» Work to complete
The required output is the exact sequence of lines from the line holding "アバクロンビー＆フィッチ パラトルーパーパンツ" to the end of the records, inclusive.

» Data items

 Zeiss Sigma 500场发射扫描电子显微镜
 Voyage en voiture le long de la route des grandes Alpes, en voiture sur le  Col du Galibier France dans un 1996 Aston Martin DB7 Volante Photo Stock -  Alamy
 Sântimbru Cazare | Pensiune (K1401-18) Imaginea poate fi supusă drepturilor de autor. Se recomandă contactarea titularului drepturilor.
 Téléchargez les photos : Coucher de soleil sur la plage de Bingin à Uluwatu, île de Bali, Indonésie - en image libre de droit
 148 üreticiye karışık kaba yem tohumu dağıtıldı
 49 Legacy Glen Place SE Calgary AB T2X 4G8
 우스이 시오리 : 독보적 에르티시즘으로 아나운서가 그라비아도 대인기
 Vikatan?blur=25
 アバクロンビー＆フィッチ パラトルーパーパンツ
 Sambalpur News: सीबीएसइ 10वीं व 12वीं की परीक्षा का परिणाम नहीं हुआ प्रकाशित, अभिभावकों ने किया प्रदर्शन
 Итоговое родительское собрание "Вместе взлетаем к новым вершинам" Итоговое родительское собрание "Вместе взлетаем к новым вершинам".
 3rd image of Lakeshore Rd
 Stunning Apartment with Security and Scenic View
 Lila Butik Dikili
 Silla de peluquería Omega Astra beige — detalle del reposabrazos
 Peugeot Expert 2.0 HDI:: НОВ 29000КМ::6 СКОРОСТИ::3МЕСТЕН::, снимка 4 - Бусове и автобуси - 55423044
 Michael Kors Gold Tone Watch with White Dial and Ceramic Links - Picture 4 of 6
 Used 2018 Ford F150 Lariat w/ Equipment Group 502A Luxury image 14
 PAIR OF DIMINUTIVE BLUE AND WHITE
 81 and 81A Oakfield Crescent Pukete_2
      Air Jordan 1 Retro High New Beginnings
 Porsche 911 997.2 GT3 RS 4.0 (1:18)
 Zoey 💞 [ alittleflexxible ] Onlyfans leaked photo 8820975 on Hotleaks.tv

» Response area
 アバクロンビー＆フィッチ パラトルーパーパンツ
 Sambalpur News: सीबीएसइ 10वीं व 12वीं की परीक्षा का परिणाम नहीं हुआ प्रकाशित, अभिभावकों ने किया प्रदर्शन
 Итоговое родительское собрание "Вместе взлетаем к новым вершинам" Итоговое родительское собрание "Вместе взлетаем к новым вершинам".
 3rd image of Lakeshore Rd
 Stunning Apartment with Security and Scenic View
 Lila Butik Dikili
 Silla de peluquería Omega Astra beige — detalle del reposabrazos
 Peugeot Expert 2.0 HDI:: НОВ 29000КМ::6 СКОРОСТИ::3МЕСТЕН::, снимка 4 - Бусове и автобуси - 55423044
 Michael Kors Gold Tone Watch with White Dial and Ceramic Links - Picture 4 of 6
 Used 2018 Ford F150 Lariat w/ Equipment Group 502A Luxury image 14
 PAIR OF DIMINUTIVE BLUE AND WHITE
 81 and 81A Oakfield Crescent Pukete_2
      Air Jordan 1 Retro High New Beginnings
 Porsche 911 997.2 GT3 RS 4.0 (1:18)
 Zoey 💞 [ alittleflexxible ] Onlyfans leaked photo 8820975 on Hotleaks.tv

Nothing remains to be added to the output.